I have spoken to relatives, friends, colleagues and clients about Sadiq. They have approached him from differing viewpoints and all speak highly of him, but he looks like a....!



Teenage Cthulhu said:


> If it smells like a tory. If it sounds like a tory.
> 
> #shytories



I have never been anywhere near a dead pig!


----------



## hash tag (Feb 17, 2016)

Pickman's model said:


> never had you down as a tory before.



My new favourite person, that must be the most valued thing anyone has said to me on here before


----------



## Pickman's model (Feb 17, 2016)

hash tag said:


> My new favourite person, that must be the most valued thing anyone has said to me on here before


you poor sod, you've had a very sorry time here if that's the most valued thing anyone's said to you here


----------



## hash tag (Feb 23, 2016)

So, Zac has earnt ( well not exactly earnt ) £10 million in the few years he has been in office Zac Goldsmith discloses £10m in income and capital gains since 2010

I understand Zac, following in Boris's footsteps, wants out of Europe while Sadiq is campaigning to stay in. I don't think this could be a deciding factor.


----------



## DJWrongspeed (Feb 24, 2016)

hash tag said:


> I understand Zac, following in Boris's footsteps, wants out of Europe while Sadiq is campaigning to stay in. I don't think this could be a deciding factor.



The danger is the mayoral election becomes intertwined and overshadowed by the Referendum. The elections are about very different things.


----------



## redsquirrel (Feb 24, 2016)

DJWrongspeed said:


> The danger is the mayoral election becomes intertwined and overshadowed by the Referendum. The elections are about very different things.


Well not really a danger for Khan, IIRC London polls (one of) the lowest level of *leave* of any area in the UK.


----------



## DJWrongspeed (Feb 24, 2016)

redsquirrel said:


> Well not really a danger for Khan, IIRC London polls (one of) the lowest level of *leave* of any area in the UK.

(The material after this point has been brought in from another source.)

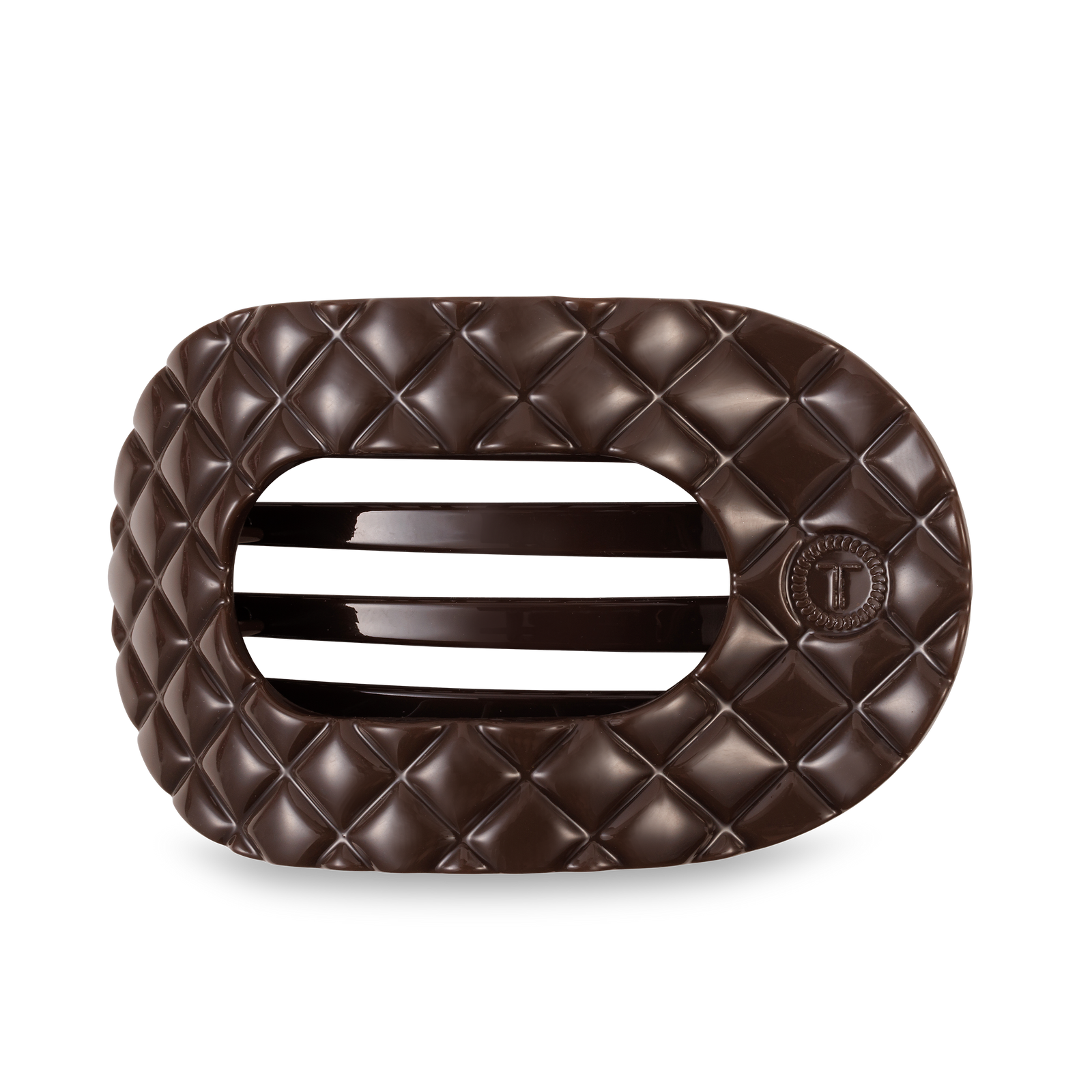 Flat Round Hair Clip | Large | Truly Taupe Quilted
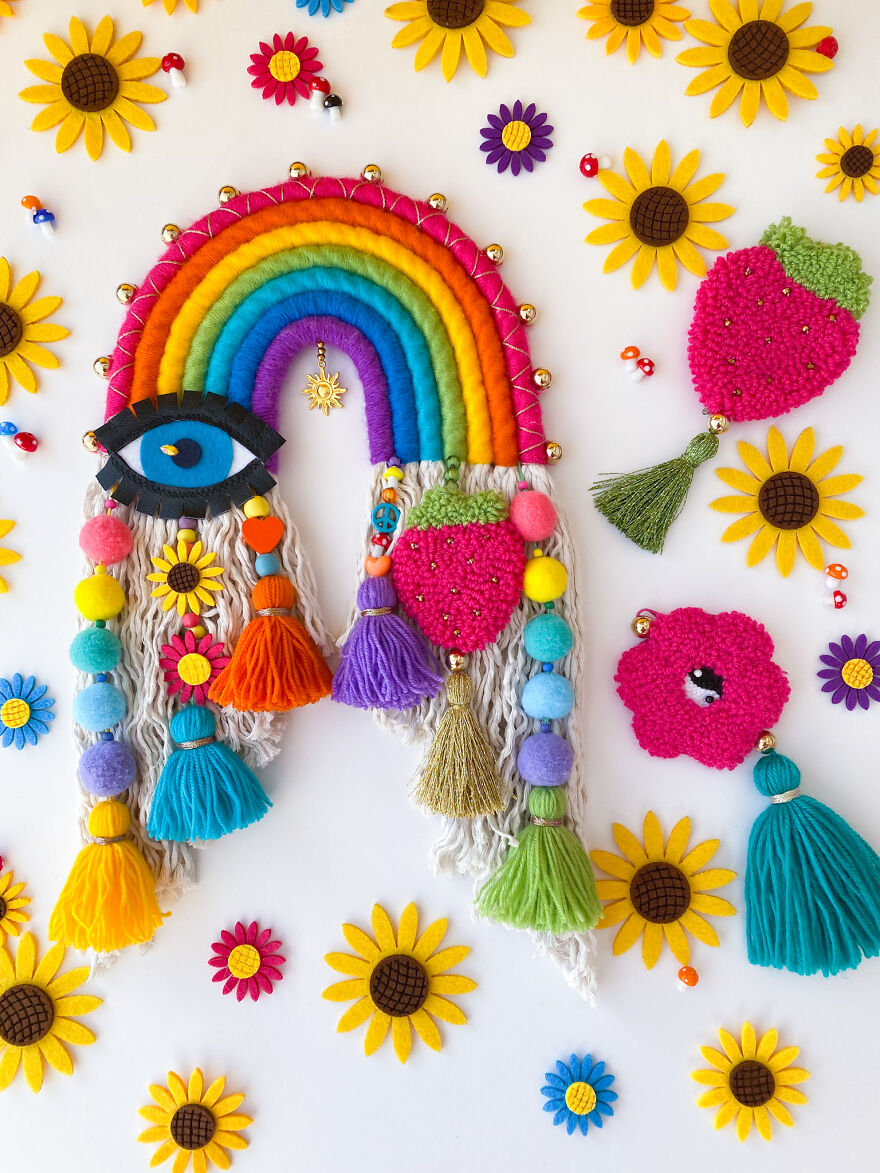 I Create Fiber Rainbows Wall Hanging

More a case of no one bothering with coming and voting for the Mayoralty.  I think get Ken initially got in on 20+% turnout if I recall. Not very representative.


----------



## DJWrongspeed (Feb 24, 2016)

Strangest benefit I've seen in a while=>  Khan benefit at Brixton's Windmill


----------



## skyscraper101 (Mar 2, 2016)

Got my registration docs in the mail the other day.

So is Khan looking increasingly like he'll take it now? I haven't seen any polls since January and they were suggesting he has a ten-point head-to-head lead - 55% to 45% over Goldsmith.

I don't particularly like him but will likely vote for him as the lesser of two evils and in the hope he'll make good on the one-hour bus ticket which is something I'd immediately benefit from as would thousands of other PAYG Oyster using Londoners unable to switch buses to get where they're going without paying multiple times.


----------



## LeslieB (Mar 2, 2016)

skyscraper101 said:


> Got my registration docs in the mail the other day.
> 
> So is Khan looking increasingly like he'll take it now?



He's certainly the favourite 2016 London Mayoral Election Betting Odds | Oddschecker and this is why I think he will win.......

It's probably not a very good basis to vote on, but I don't think Goldsmith has a fraction of Boris' charisma, which is probably what won BoJo tight elections in 2008 and 2012. 

Goldsmith is also yet *another* white British man, in a city where only 45% of people describe themselves as such. It doesn't automatically follow, of course, that people from an ethnic minority will vote for a candidate from another ethnic minority or even the same one but it has to be a factor.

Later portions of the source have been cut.